Everyone at work has some money collected from people below them. It is not much, and usually we spend it in anyway we wish. We can return it back to the people below us, but it’s up to us whether or not we want to do so. I had previously given some of the money to the people below me and pocketed the rest. This time, though, I thought about how I could spend this money. This selfish thought was exposed, and it interfered with me for an entire evening. I couldn’t do anything that evening because I could not let go. In the end when I decided to return the money I felt so much lighter. In fact, we can do well when we regard ourselves as Dafa practitioners.

Some of the technical things I do at work are my specialty that no one else can do. My colleagues and superiors praised me and said, "You are doing a great job!" "You are so capable!" I also thought I was capable and outstanding and also cared about what other people said about me. Sometimes when I made mistakes at work, people looked for the person responsible. I would then not let anyone say anything negative about me. Since I have the highest technical skills at work, the problem could not possibly not lie with me. I would fight with whomever accused me of making a mistake. Afterwards I would really regret it—why had I not endured it? Why would a Dafa practitioner bicker and fight with an ordinary person? Teacher had given a lecture regarding people with bad tempers. I studied it several times. Why can I still not show forbearance? I think it is because I didn’t study the Fa well.

Teacher said,

"If you took a look in the extreme microcosm at the material formed by what your mind is attached to, [you’d see that] they are mountains, huge mountains, made of hard, granite-like rock." ("Teaching the Fa at the 2004 Chicago Conference")
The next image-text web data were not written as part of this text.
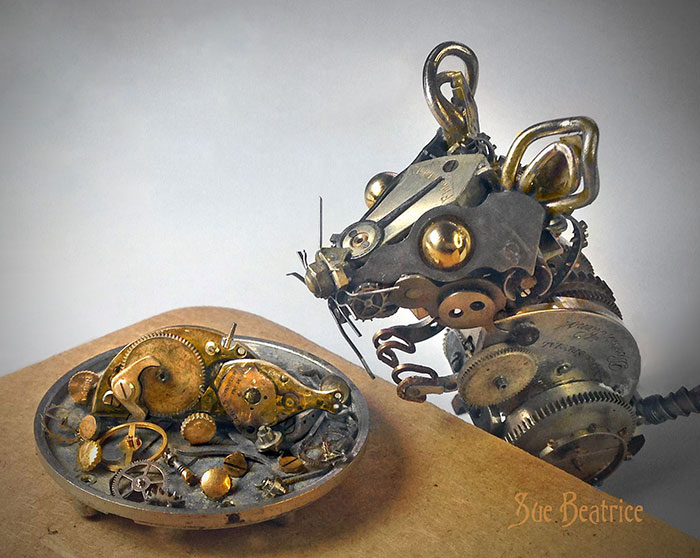 esculturas-steampunk-piezas-relojes-recicladas-susan-beatrice (4)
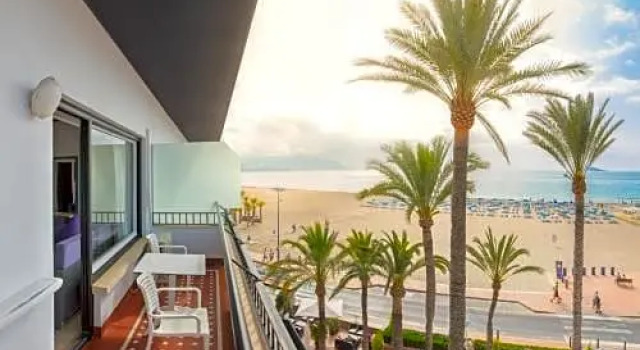 Номер Standard с видом на море Gran Hotel Delfin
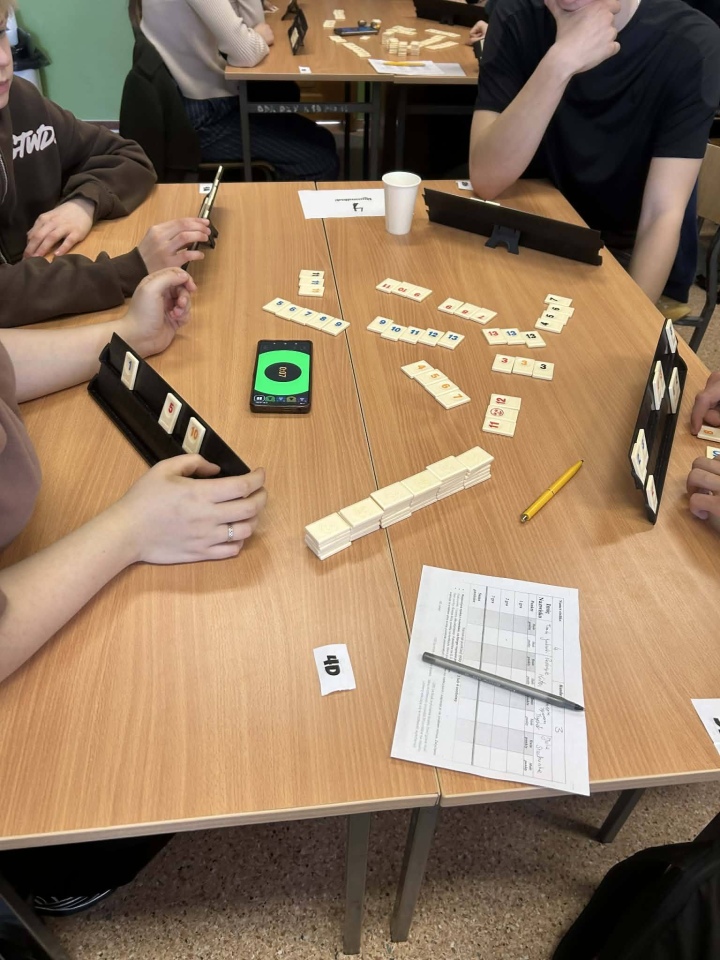 I Międzyszkolny Turniej Rummikub w Ostrołęce [14.04.2026] - zdjęcie #16 - eOstroleka.pl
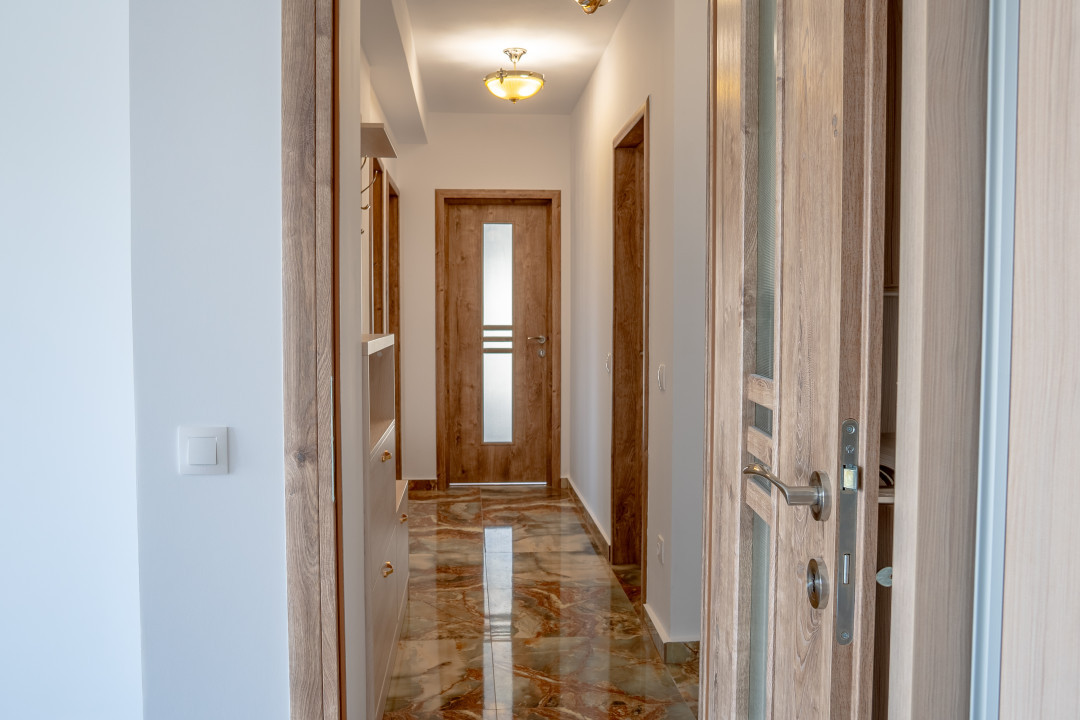 Apartament cu 3 camere de vânzare zona Dedeman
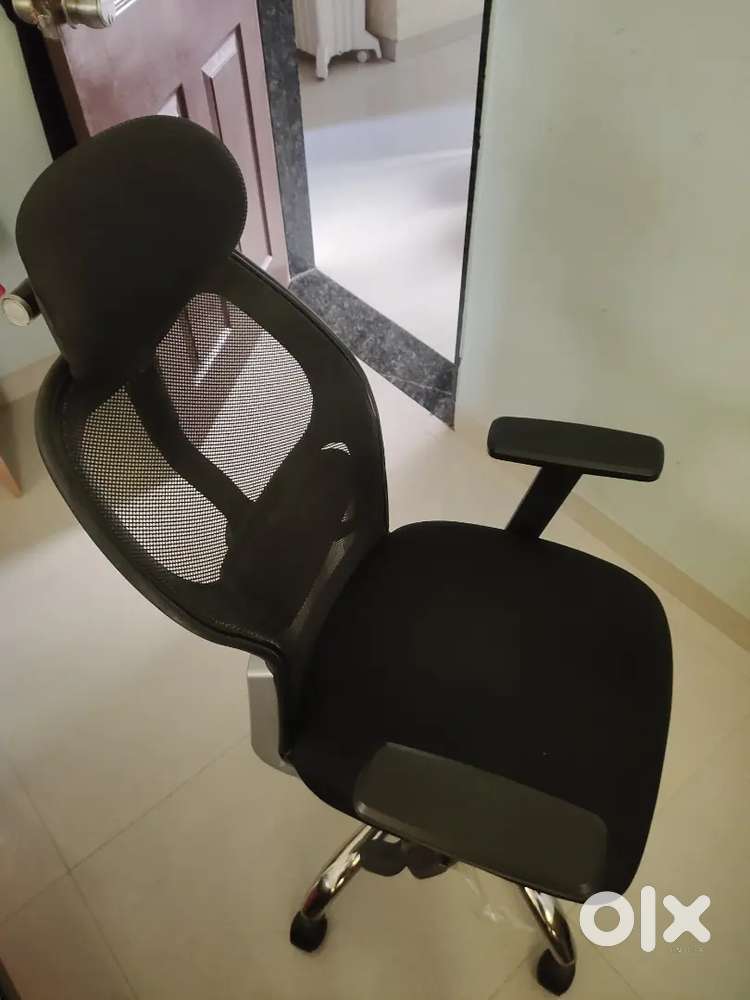 Premium Ergonomic Office Chair Excellent Condition Adjustable Head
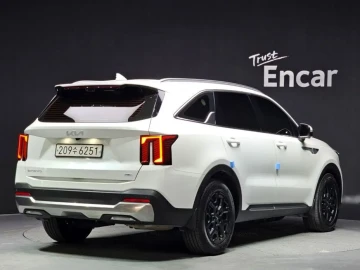 2023 Kia Sorento с пробегом 63 324 км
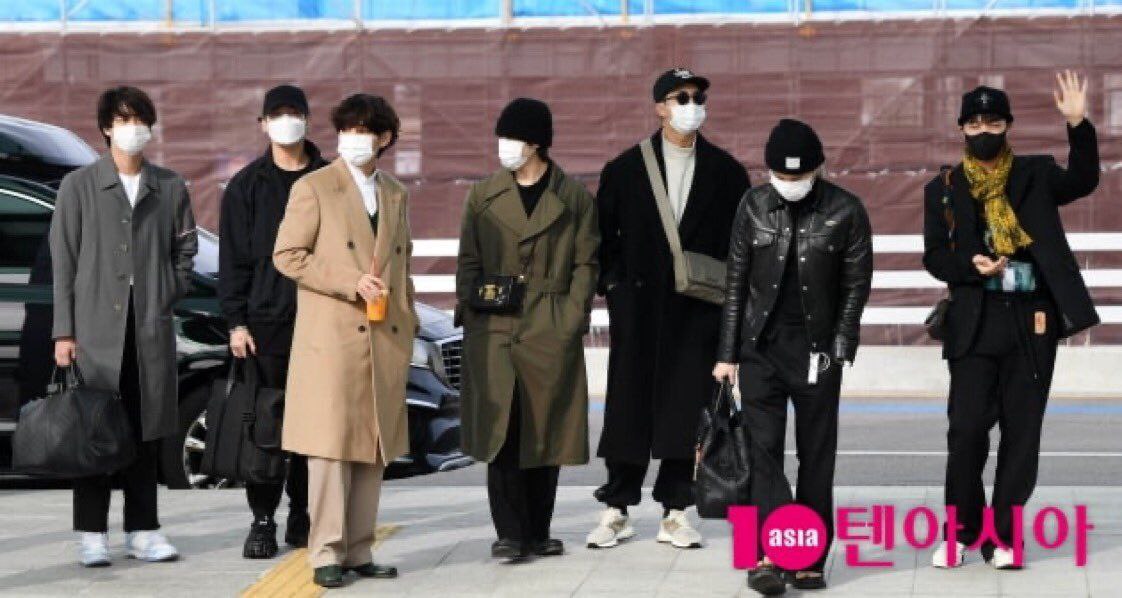 gaadanama0411's tweet photo. Cieeeeee yg udah sampe, udah ga sabar ya pengen ketemu army๐๐๐
Welcome BTS to los angeles
#WelcometoLABTS https://t.co/F8YkAqqNgH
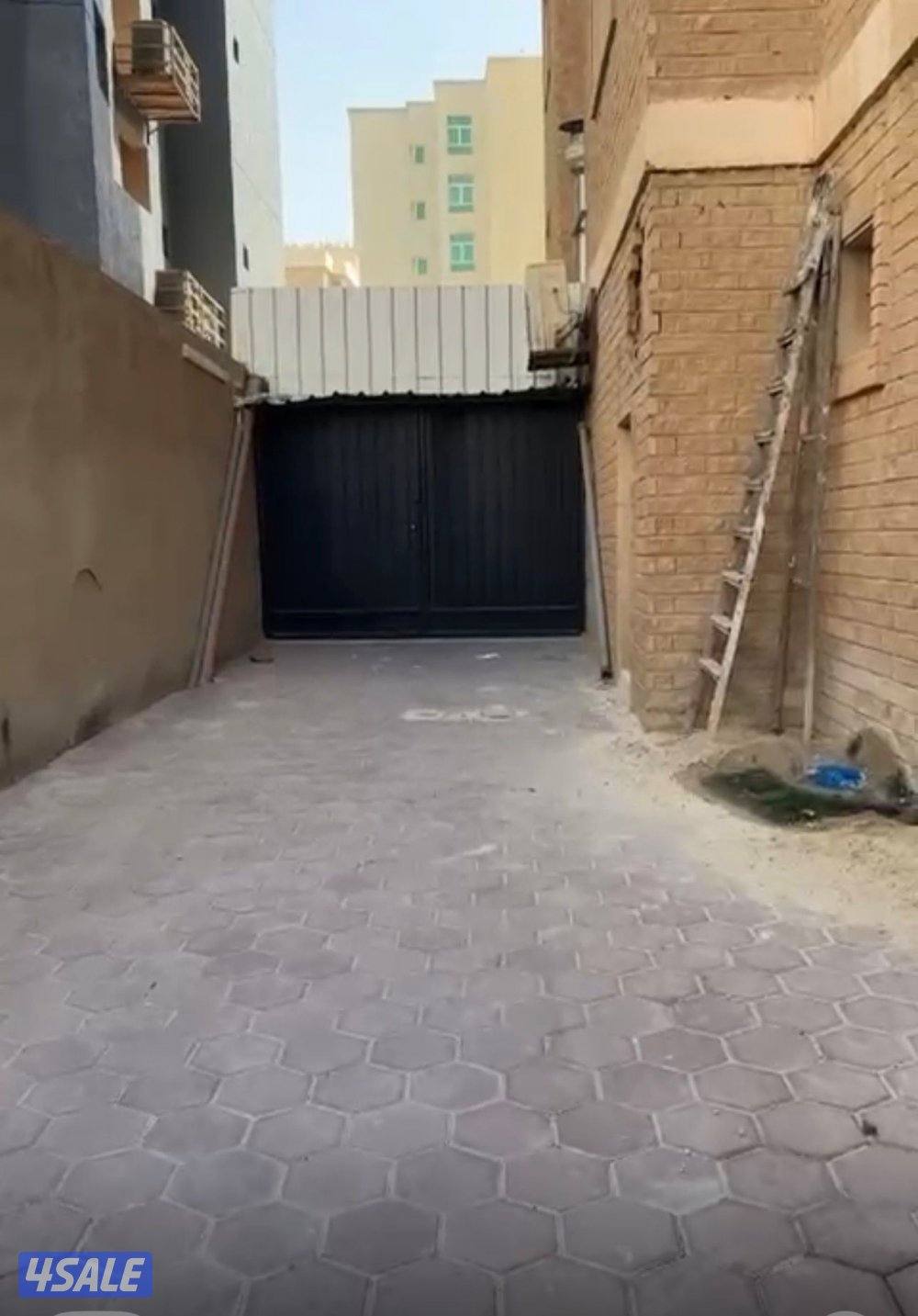 للبيع خلو محل مميز بمساحة ممتازة يشمل محل ومخزن وسكن للعمالة10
What attachment forms such substances? For me, it is an addiction to renown and personal gain, including the pursuit of a good reputation. [When I get upset because] I’m a capable person and someone is accusing me of making a mistake or of being incapable, does this not constitute an attachment to reputation? This attachment to reputation and personal pride is still there, and when someone talks about it I feel I have lost face. My temper flares up and I am not be able to stay tolerant. Is it possible for me not to fight with the other person in this situation? When I pay attention to what people say about me, I’m trying to find out whether they are saying good or bad things. I can’t take it [if it is something negative] and want to fight with the other person. I only want to hear good things and can’t take critical words.

Whenever someone looks down on me or says bad things about me I get angry and I want to fight with him. I have such a huge attachment to reputation and personal gain! I found this substance to be as huge as a mountain, so I have to remove it. I pleaded for Teacher’s help and negated such odd thoughts with righteous thoughts. My superior at one time assigned several people including me to do some other work. We did the early-stage preparatory work. As we were about to have a reporting meeting, to welcome a superior who had come to inspect our work, this superior replaced me with another person, without telling me anything about it beforehand. I was a little upset but I didn’t say anything. I remembered Teacher’s words and acted according to Dafa’s requirements. My mind became calm. I encouraged myself with Teacher’s words,

"He who acts for his name
a life of anger and hate is his

....

Not seeking a name
life is carefree and content..."

("An Upright Person" from Hong Yin)

If we truly regard ourselves as Dafa practitioners and do well according to Dafa’s requirements, all human notions can be removed.